Longitudinal Vehicle Motion Prediction in Urban Settings With Traffic Light Interaction

Longitudinal Vehicle Motion Prediction in Urban Settings With Traffic Light Interaction

Abstract:

Predictive cruise control functions designed to reduce the energy consumption of intelligent and automated vehicles require an accurate prediction of the upcoming traffic situation in general and the preceding vehicle in particular. This article presents the implementation of prediction models which do not rely on explicit information of the entire preceding vehicle queue. Using this assumption, prediction algorithms based on Conditional Linear Gauss (CLG) models and Deep Neural Network (DNNs) were trained using real-world measurements in an urban setting.

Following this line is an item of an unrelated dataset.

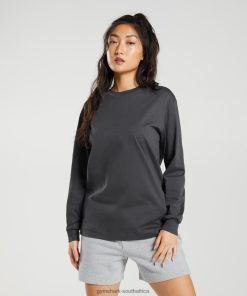 Gymshark Clothing South Africa - Gymshark Cotton Oversized Long Sleeve Top Onyx Grey Women 6464T4434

The training was conducted with 6.6 hours of driving data specifically collected for this study. The results show that both approaches can provide accurate estimates of a preceding vehicle’s motion. For the CLG models, a queue-estimation logic was implemented to improve the prediction accuracy. The most accurate prediction could be obtained when DNNs are set up with Long Short-Term Memory (LSTM) layers, capable of modeling time dependencies. The results also show that accurate short and mid term predictions of a vehicle’s trajectory can be made based primarily on sensor data, even when no or only little data from vehicle-to-vehicle (V2V) communication is available.